Data:
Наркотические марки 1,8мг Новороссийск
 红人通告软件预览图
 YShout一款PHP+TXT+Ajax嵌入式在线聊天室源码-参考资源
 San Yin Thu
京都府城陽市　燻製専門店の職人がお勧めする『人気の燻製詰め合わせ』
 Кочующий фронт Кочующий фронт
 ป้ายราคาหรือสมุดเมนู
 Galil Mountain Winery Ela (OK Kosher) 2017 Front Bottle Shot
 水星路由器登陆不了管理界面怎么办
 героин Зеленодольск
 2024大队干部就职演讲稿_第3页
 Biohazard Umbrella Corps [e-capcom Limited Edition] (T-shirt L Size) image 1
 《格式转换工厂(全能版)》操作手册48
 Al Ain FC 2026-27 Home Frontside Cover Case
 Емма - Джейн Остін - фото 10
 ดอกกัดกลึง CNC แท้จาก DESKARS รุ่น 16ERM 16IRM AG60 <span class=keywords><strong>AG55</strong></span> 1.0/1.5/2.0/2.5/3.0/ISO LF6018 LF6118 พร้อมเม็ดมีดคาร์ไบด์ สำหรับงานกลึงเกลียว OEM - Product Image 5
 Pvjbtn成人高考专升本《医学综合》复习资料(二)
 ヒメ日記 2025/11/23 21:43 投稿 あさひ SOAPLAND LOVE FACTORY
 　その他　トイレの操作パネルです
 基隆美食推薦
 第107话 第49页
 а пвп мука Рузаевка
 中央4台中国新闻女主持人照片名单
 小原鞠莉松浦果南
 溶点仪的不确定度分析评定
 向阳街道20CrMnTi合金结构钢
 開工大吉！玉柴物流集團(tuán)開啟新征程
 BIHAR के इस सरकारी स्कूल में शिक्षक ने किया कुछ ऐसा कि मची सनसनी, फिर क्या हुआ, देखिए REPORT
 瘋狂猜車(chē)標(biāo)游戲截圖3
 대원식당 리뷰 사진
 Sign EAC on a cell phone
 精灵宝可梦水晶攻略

About this exercise: Emit only the final stretch of the records: the line containing "ป้ายราคาหรือสมุดเมนู" through the end, each line exactly as it stands.

Your response:
 ป้ายราคาหรือสมุดเมนู
 Galil Mountain Winery Ela (OK Kosher) 2017 Front Bottle Shot
 水星路由器登陆不了管理界面怎么办
 героин Зеленодольск
 2024大队干部就职演讲稿_第3页
 Biohazard Umbrella Corps [e-capcom Limited Edition] (T-shirt L Size) image 1
 《格式转换工厂(全能版)》操作手册48
 Al Ain FC 2026-27 Home Frontside Cover Case
 Емма - Джейн Остін - фото 10
 ดอกกัดกลึง CNC แท้จาก DESKARS รุ่น 16ERM 16IRM AG60 <span class=keywords><strong>AG55</strong></span> 1.0/1.5/2.0/2.5/3.0/ISO LF6018 LF6118 พร้อมเม็ดมีดคาร์ไบด์ สำหรับงานกลึงเกลียว OEM - Product Image 5
 Pvjbtn成人高考专升本《医学综合》复习资料(二)
 ヒメ日記 2025/11/23 21:43 投稿 あさひ SOAPLAND LOVE FACTORY
 　その他　トイレの操作パネルです
 基隆美食推薦
 第107话 第49页
 а пвп мука Рузаевка
 中央4台中国新闻女主持人照片名单
 小原鞠莉松浦果南
 溶点仪的不确定度分析评定
 向阳街道20CrMnTi合金结构钢
 開工大吉！玉柴物流集團(tuán)開啟新征程
 BIHAR के इस सरकारी स्कूल में शिक्षक ने किया कुछ ऐसा कि मची सनसनी, फिर क्या हुआ, देखिए REPORT
 瘋狂猜車(chē)標(biāo)游戲截圖3
 대원식당 리뷰 사진
 Sign EAC on a cell phone
 精灵宝可梦水晶攻略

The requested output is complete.